This section will describe the specification of the project and what the simulation must do to allow us to complete the investigation. So, we need to simulate our project using such a program to allow us to get some output results that can be used to do the investigation on. We want to create a simulation that is able to do several things which can be described in the following points:

In this section, we will describe the design of this project and what we are going to do to meet the results of doing this investigation on. I am going to use Network Simulator (NS2) to simulate different scenarios with and without the attack. NS-2 can be downloaded for free from many websites [31]. It runs on Windows and UNIX systems, but it requires Cygwin to be installed on Windows to run NS-2 [7]. Tool Command Language (TCL) is used to create the topology and simulates the network. NS-2 is a very useful program that is used to simulate wired and wireless networks. It comes in different versions that are described as ns-2.xx. The version number from NS-2 that we have used is ns-2.33 (allinone-ns.2.33).

We are going to have three different scenarios to do our investigation on and to allow us to compare the output result of each scenario. The number of nodes in each network topology is between 10 to 23 nodes which are distributed along 800*800. The reason to have 10 to 23 nodes in the network is to reduce the amount of the traffics and the data that are generated between nodes, thus to allow us to have few data to do the investigation and comparison. There are two types of network traffics which are TCP and UDP traffics is going to be used in these scenarios to compare the effective of the attack on each type. The aim of using these different types of traffics is because they are quit differs in their functionality and the TCP is a connection oriented that must receive an acknowledgement from the receiver depends on WC that it set to before continue sending the remaining packets. Whereas, UDP is a connectionless that does not require acknowledgements from the receiver.

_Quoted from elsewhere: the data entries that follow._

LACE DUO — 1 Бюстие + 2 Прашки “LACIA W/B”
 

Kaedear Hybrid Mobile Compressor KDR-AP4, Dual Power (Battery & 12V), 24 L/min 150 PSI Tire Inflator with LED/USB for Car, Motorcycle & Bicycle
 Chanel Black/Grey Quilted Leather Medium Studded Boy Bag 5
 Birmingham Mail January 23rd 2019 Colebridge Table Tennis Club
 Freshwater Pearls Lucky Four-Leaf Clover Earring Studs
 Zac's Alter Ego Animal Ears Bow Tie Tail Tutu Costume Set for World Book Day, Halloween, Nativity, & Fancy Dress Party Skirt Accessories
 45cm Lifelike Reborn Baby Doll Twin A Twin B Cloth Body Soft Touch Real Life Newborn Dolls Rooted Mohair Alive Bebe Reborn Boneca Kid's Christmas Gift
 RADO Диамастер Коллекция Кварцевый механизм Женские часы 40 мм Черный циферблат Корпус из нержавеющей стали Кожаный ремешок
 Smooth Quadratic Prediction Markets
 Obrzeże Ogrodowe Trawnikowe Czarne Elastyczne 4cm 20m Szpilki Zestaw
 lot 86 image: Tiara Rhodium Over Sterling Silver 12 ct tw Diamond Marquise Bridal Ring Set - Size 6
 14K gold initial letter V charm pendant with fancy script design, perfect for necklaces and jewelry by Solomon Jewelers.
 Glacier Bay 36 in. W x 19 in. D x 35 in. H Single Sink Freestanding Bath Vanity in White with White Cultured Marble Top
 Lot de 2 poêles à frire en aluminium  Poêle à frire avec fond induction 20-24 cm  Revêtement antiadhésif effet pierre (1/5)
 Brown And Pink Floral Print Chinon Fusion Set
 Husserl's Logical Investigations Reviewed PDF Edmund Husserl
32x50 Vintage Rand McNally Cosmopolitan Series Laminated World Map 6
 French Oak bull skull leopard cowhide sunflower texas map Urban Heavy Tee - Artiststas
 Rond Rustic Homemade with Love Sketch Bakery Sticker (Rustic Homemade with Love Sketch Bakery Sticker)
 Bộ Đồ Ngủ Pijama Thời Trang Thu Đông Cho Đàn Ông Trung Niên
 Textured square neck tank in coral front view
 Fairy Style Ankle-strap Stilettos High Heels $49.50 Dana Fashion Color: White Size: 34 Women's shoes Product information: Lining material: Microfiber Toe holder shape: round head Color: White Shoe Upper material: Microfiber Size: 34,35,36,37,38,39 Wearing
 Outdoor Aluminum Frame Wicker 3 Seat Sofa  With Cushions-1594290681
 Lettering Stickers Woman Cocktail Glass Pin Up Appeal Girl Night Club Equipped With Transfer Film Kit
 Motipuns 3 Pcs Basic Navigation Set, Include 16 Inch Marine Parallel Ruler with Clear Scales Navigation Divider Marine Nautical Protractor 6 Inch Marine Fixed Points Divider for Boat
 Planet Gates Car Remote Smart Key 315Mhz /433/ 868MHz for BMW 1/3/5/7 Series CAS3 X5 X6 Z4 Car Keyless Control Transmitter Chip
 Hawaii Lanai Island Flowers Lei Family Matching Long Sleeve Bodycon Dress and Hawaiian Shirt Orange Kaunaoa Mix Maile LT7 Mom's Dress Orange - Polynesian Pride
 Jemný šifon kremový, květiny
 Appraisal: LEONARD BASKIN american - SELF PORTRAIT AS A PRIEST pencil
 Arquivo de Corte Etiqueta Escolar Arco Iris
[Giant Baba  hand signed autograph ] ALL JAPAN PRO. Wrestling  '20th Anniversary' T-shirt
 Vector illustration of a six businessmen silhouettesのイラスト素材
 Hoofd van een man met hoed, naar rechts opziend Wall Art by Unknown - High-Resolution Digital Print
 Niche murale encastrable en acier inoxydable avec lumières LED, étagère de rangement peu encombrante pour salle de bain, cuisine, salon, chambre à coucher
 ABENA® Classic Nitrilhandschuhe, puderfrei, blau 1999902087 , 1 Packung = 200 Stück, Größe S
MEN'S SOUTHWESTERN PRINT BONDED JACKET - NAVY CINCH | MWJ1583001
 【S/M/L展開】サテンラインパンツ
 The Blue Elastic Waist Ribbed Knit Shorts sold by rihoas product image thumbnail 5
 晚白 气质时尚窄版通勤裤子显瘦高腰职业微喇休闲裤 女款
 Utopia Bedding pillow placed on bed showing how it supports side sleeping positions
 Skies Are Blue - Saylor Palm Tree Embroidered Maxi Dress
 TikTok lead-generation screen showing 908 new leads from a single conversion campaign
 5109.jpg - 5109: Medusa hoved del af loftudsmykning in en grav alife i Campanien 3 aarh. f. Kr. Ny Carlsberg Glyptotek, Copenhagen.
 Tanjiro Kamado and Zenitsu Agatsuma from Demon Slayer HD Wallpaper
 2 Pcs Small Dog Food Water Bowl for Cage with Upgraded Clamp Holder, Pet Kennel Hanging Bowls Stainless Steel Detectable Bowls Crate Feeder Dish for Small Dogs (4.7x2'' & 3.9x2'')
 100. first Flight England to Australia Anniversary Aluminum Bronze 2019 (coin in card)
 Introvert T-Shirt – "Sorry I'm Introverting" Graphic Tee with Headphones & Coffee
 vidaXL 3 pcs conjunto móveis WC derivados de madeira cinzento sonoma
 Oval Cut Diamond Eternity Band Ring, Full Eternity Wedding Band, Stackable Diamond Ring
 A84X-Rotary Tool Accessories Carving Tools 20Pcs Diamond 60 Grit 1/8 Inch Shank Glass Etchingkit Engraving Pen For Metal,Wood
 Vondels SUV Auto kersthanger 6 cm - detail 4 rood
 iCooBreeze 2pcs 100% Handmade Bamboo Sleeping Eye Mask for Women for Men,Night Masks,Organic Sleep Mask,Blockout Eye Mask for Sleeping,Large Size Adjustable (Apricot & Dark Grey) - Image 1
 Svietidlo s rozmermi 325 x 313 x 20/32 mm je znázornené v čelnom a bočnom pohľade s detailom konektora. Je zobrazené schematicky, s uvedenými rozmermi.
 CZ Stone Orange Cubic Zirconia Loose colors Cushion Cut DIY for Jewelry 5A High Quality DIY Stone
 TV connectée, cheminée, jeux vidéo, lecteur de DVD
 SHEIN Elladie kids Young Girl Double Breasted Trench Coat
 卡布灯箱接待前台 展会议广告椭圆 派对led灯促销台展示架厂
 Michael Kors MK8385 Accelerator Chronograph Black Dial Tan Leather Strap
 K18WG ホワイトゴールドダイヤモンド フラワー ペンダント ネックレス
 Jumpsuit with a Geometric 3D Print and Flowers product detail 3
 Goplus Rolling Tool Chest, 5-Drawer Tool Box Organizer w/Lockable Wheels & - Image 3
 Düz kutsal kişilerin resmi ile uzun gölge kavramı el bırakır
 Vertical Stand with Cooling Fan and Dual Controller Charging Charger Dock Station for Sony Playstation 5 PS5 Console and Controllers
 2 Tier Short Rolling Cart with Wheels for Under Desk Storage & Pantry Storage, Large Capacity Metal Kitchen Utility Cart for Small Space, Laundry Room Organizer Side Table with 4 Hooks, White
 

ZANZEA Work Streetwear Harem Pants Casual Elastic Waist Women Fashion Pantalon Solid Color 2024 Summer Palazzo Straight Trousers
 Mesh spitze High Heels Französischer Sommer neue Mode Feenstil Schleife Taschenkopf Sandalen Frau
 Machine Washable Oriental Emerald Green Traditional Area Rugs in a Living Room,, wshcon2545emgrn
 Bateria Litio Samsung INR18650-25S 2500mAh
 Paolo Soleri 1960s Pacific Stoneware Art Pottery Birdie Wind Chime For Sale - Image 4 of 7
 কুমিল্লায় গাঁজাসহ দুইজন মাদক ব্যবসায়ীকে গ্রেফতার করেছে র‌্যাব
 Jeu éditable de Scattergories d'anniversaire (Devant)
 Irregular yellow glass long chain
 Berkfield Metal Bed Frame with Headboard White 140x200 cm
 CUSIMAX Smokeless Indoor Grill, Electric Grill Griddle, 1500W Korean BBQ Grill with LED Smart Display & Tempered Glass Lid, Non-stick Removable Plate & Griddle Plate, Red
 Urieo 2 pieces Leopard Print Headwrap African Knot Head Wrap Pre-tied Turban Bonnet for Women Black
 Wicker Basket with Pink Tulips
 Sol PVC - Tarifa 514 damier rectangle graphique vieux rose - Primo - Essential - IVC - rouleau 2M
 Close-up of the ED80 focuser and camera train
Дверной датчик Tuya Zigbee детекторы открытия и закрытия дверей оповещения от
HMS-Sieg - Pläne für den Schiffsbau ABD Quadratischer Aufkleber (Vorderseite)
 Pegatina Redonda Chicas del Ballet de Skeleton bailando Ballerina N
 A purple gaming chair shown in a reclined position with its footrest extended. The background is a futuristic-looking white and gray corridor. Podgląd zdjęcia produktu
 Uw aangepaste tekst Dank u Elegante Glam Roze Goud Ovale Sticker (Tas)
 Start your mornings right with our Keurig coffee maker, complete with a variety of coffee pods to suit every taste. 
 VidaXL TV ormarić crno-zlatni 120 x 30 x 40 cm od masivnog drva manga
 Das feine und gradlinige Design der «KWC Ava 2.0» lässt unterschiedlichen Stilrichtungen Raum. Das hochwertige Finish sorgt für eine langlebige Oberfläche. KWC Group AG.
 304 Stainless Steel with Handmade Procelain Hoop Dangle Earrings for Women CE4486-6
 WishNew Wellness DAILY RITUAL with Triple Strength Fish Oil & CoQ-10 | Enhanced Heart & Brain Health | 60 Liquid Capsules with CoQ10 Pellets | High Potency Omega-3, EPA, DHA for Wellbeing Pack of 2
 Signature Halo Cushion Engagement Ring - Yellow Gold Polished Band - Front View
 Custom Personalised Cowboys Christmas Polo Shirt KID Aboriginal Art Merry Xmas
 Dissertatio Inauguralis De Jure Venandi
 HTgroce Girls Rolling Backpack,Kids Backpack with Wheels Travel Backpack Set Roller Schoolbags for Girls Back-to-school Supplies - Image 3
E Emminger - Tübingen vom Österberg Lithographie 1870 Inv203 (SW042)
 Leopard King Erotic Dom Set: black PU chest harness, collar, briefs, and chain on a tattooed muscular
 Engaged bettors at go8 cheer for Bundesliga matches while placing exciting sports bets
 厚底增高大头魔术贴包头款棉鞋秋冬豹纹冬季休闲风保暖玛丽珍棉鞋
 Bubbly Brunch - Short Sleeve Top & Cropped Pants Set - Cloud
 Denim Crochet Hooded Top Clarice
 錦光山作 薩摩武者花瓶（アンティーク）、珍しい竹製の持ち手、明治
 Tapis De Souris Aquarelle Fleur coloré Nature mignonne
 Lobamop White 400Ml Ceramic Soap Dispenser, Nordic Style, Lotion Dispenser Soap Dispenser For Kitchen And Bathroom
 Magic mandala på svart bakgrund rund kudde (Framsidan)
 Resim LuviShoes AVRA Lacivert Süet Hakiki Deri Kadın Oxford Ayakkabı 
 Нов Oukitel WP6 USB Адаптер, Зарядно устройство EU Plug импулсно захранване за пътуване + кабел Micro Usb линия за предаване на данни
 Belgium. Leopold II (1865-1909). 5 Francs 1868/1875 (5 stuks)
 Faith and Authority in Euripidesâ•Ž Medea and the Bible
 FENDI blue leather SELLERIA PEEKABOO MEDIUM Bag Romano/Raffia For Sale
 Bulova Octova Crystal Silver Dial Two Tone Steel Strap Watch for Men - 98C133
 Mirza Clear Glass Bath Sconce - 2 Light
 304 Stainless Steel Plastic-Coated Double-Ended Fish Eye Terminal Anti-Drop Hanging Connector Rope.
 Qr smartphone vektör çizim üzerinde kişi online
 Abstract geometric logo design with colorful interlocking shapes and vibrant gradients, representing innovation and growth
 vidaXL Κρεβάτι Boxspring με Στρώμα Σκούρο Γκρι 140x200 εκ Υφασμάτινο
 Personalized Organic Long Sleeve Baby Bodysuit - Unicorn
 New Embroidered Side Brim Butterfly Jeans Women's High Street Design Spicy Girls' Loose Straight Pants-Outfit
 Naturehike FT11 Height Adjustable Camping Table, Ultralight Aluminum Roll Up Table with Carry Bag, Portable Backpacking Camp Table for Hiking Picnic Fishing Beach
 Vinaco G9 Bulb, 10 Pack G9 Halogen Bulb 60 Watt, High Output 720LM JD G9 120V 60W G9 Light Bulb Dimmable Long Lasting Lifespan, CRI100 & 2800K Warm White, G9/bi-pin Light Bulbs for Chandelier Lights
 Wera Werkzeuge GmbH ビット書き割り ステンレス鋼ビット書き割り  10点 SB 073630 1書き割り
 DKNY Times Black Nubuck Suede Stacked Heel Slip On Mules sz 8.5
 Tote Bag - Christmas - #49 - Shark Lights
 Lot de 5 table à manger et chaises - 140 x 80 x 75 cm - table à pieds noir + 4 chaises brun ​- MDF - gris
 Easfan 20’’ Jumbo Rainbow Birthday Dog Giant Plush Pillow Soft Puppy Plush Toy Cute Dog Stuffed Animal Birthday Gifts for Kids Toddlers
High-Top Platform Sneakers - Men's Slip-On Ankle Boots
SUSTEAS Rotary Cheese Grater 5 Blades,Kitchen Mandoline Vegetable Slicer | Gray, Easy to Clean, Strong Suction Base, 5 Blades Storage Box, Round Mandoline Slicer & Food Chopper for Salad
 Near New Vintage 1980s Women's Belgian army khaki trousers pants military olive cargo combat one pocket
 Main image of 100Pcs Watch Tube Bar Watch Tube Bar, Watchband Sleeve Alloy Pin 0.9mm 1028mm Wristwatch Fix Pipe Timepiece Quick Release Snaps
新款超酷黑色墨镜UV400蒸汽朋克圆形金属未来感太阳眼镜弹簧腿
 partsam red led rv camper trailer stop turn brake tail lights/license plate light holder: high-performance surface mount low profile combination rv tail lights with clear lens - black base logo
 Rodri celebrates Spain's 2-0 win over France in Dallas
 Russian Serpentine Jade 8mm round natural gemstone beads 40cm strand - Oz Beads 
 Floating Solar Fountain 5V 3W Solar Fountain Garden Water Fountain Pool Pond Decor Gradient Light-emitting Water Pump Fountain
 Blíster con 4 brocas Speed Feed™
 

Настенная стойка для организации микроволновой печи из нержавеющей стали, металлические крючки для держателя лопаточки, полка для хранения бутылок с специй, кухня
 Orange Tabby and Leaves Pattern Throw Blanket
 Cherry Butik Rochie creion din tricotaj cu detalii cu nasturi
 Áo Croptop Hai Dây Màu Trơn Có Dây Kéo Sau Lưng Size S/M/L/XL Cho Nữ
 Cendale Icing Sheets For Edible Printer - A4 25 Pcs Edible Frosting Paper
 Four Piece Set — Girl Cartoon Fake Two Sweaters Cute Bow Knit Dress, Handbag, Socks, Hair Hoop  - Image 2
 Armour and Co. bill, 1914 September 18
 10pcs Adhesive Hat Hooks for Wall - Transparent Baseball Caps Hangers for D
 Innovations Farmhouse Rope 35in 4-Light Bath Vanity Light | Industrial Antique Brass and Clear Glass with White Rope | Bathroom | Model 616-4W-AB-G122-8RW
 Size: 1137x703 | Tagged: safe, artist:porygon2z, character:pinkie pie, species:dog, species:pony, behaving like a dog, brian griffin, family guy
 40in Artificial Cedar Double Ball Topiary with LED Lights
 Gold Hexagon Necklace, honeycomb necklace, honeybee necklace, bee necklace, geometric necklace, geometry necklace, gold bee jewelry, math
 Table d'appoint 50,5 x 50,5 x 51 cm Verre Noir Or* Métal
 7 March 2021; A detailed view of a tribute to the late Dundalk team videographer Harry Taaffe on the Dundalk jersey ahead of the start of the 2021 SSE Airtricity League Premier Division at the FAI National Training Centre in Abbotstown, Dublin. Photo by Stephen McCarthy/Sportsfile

In this project, we need to use one of the routing protocols to do the investigation on and to see the affect of the attack on that routing protocol, therefore, we have used AODV routing protocol. AODV is one of the routing protocols that are used by Wireless Sensor Networks (WSN). This protocol has been described briefly in the previous chapter is reactive routing protocol. Many researches have been carried out on this type of routing protocol which allows us to get some useful data from.

In addition to that, we have followed the instructions of implementing a new routing protocol in NS-2 that are done by others researchers to allow the adversary node to behave as Black hole node. This new protocol needs some changes in the actual C++ code for AODV protocol and some implementations as well. After that, we have to add this protocol to ns2 and recompile it to allow changes to be effected.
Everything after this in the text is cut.